Okay, but your opinion has no basis in evidence-based understanding of human psychology in general or political psychology in particular.
yes it does, on both counts.
if you think a person in this country honestly not being able to figure out which person they're going to vote for is more plausible than a person knowing who they'd vote for if they bothered voting but not knowing whether or not they're going to bother voting, well then we're at an impasse because i would say that sounds like a total lack on your part of understanding human psychology in general or political psychology in particular.

What is ludicrous about the idea that many first time voters are undecided about who and which party appeals to whatever vague, unexamined, incoherent, and historically disconected goals and ideas they have?
given the rather significant cultural and social divide between the two parties in the last 40 years and bi-polar disorder not impacting over 60% of the population of this country, i'm going to go with "just about everything."

What is ludicrous is to think that all first time voters are not only decided but have decided based upon such deep stable principles that there first voting decision will be for the same party as all their future ones (this is the absurd reality required for your claim that no significant numbers of undecided voters exist.
i'm not saying the decision is based on well reasoned moral principles or or that their opinions can't change over time, i'm just saying that on any given election people already know who they're going to vote for, if they vote at all, and campaigns and debates and ads and all the dog-and-pony showmanship that goes on in politics in this country is about getting people to decide to bother to go vote at all, not about trying to actually change anybody's mind as to who they're going to vote for.
 
Can I ask a dumb question?

Say an analysis gives party X 70% chance of winning, while party Y has a 30% chance. Party Y ends up winning.

How can you tell whether the analysis was wrong or just that Party Y got lucky?
 
Can I ask a dumb question?

Say an analysis gives party X 70% chance of winning, while party Y has a 30% chance. Party Y ends up winning.

How can you tell whether the analysis was wrong or just that Party Y got lucky?
i think that's the real interesting thing about politics and such in this country - it's a lot of supposition and guesswork based on polling, which has always struck me as being a rather dubious way to form any kind of conclusion on what's actually going to happen.

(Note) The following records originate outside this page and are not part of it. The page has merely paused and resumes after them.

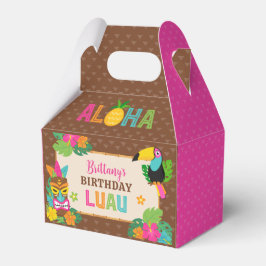 Aloha Luau Hawaiian Tropical Birthday Presentaskar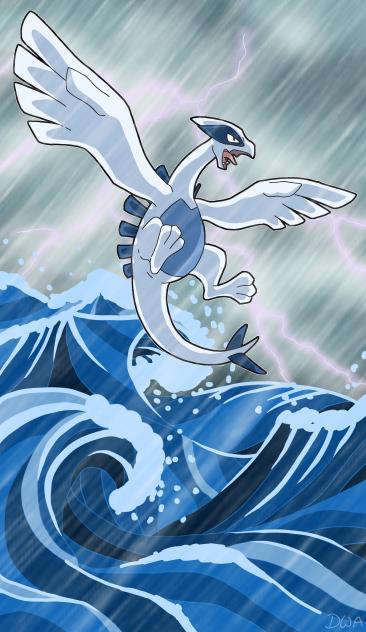 Lugia Poster Wallpaper
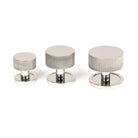 Polished SS (304) Brompton Cabinet Knob - 25mm (Plain) | From The Anvil-Cabinet Knobs-Yester Home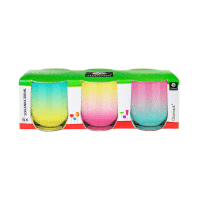 Pohár nízky COLORFUL 300ml set 6ks GLASMARK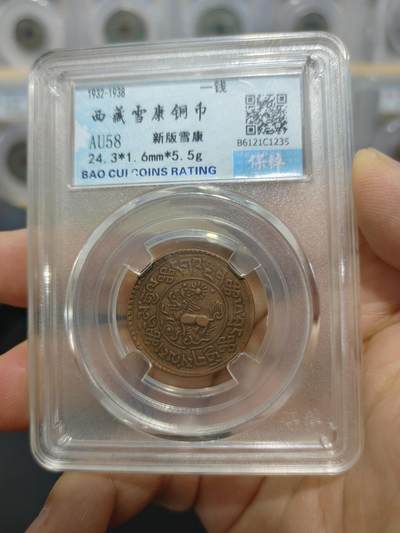 西藏铜币专场 - 西藏铜币新雪康保粹评级币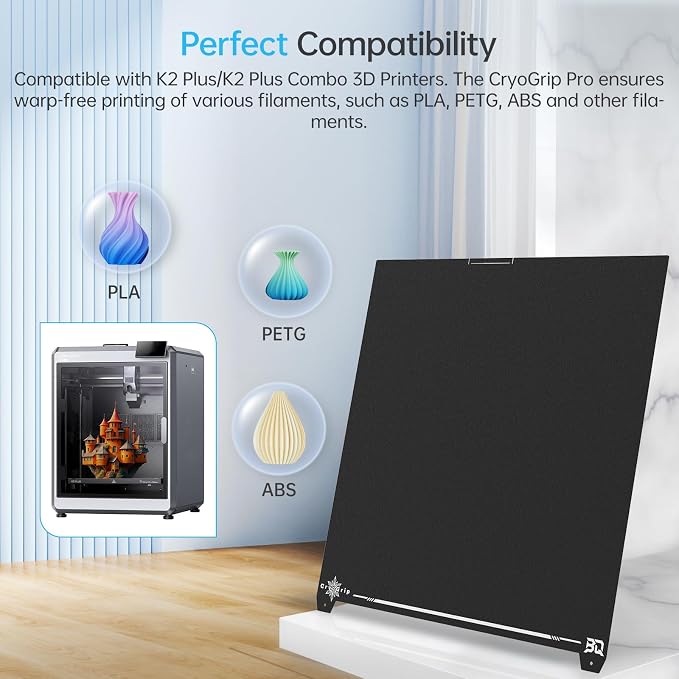 BIQU CryoGrip Pro Frostbite for K2 Plus 370x370mm Cold Build Plate Room - Image 4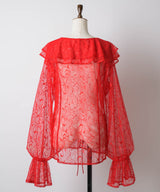 【yae】Lace frills blouse / レースフリルブラウス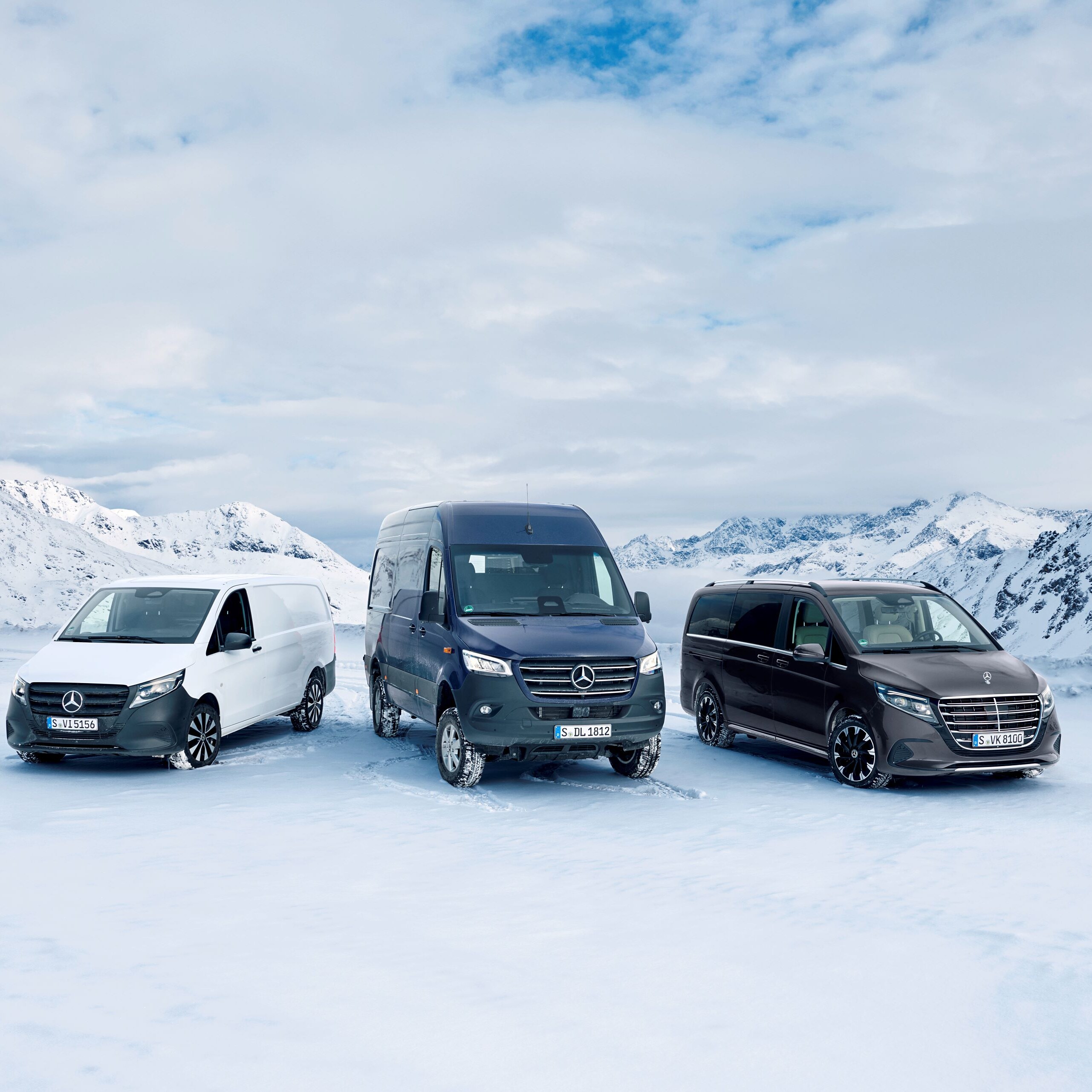 Sprinter Tourer, Furgone e Cassonato sulla neve.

and i totally cop to my views being supposition - it's a model i've constructed that makes the most sense to me, and while i have actively looked for it i have never found any scientific study or research to really say one way or the other if i'm right and elections are about whether people bother to vote at all, or if this whole "undecided" voter thing is a legit claim.
 
The better solution is to vote for the best third party candidates you can find.

Every person that votes either Republican or Democrat votes to maintain the status quo.
i like how you so casually and easily dismiss Rs and Ds as 'not the solution to any of our problems' and yet so glibly pronounce "oh well just vote for the 'best' 3rd part candidate you can find" as if there is any difference between established political bodies and 'independent' political groups.
i don't know whether that's an adorable level of naivete or an offensive amount of condescension.

Nothing will change is people keep voting for Republicans or Democrats.

Your plan is for nothing to change.
 
untermensche, what is your opinion of  Duverger's law?

Sociologist Maurice Duverger proposes that the number of parties is a result of the voting system, that first past the post produces two-party systems.